LISTED ENTRIES:
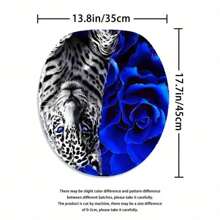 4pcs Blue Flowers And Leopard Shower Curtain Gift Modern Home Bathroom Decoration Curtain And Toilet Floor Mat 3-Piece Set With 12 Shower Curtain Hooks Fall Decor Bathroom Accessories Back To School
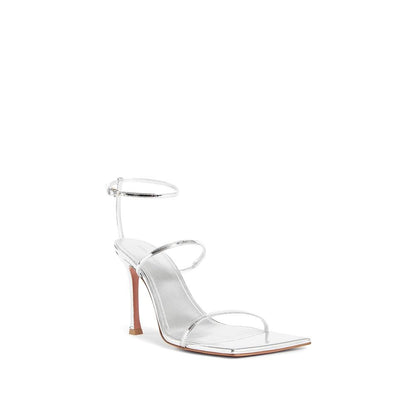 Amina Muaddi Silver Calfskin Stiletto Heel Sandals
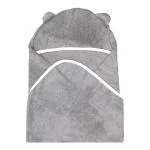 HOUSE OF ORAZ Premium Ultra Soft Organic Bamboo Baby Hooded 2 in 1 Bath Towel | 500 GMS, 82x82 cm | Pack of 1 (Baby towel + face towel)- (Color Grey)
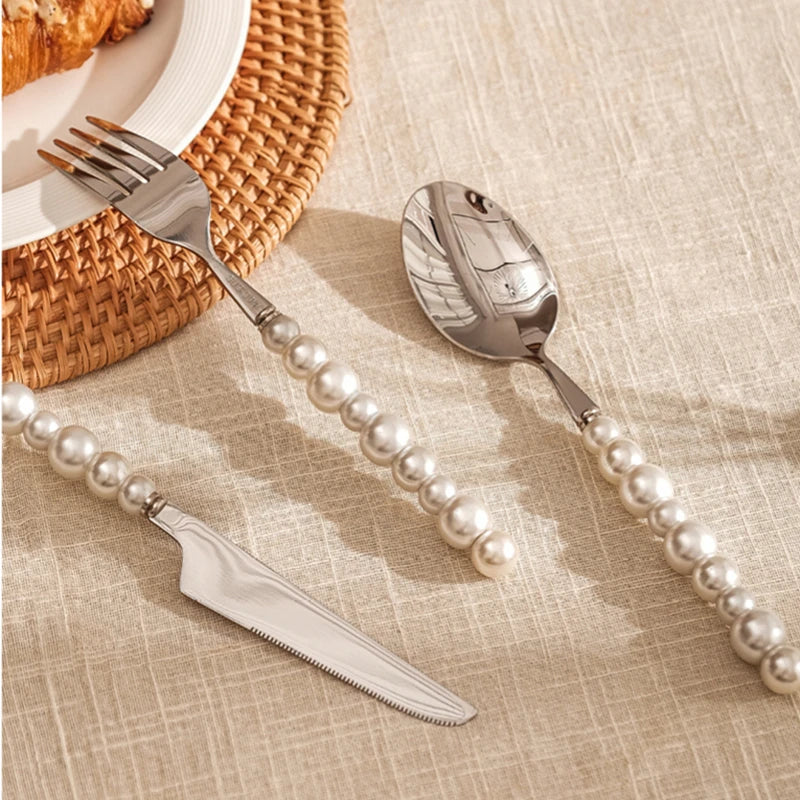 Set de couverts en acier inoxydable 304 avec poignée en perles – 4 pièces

--

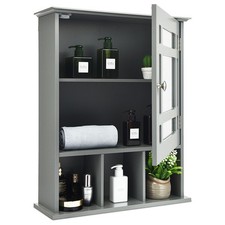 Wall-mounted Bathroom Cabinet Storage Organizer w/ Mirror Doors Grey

* * *

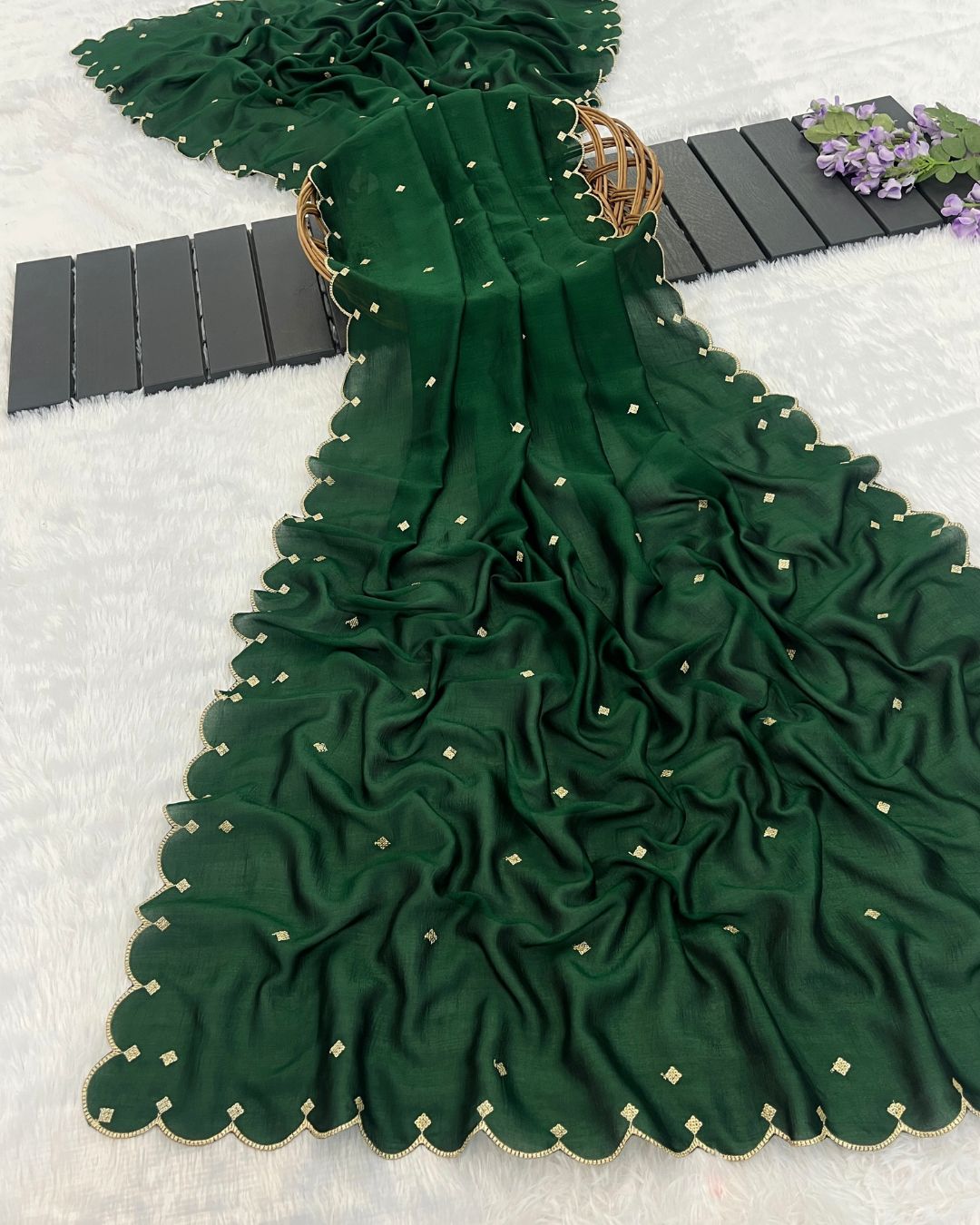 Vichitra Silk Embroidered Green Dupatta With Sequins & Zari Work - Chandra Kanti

WORK REQUEST: The stretch above running from the line with "HOUSE OF ORAZ" through the line with "Set de couverts" is all you should copy, exactly, leaving out the pictures.

SOLUTION FOR THIS PROBLEM:
 HOUSE OF ORAZ Premium Ultra Soft Organic Bamboo Baby Hooded 2 in 1 Bath Towel | 500 GMS, 82x82 cm | Pack of 1 (Baby towel + face towel)- (Color Grey)
 Set de couverts en acier inoxydable 304 avec poignée en perles – 4 pièces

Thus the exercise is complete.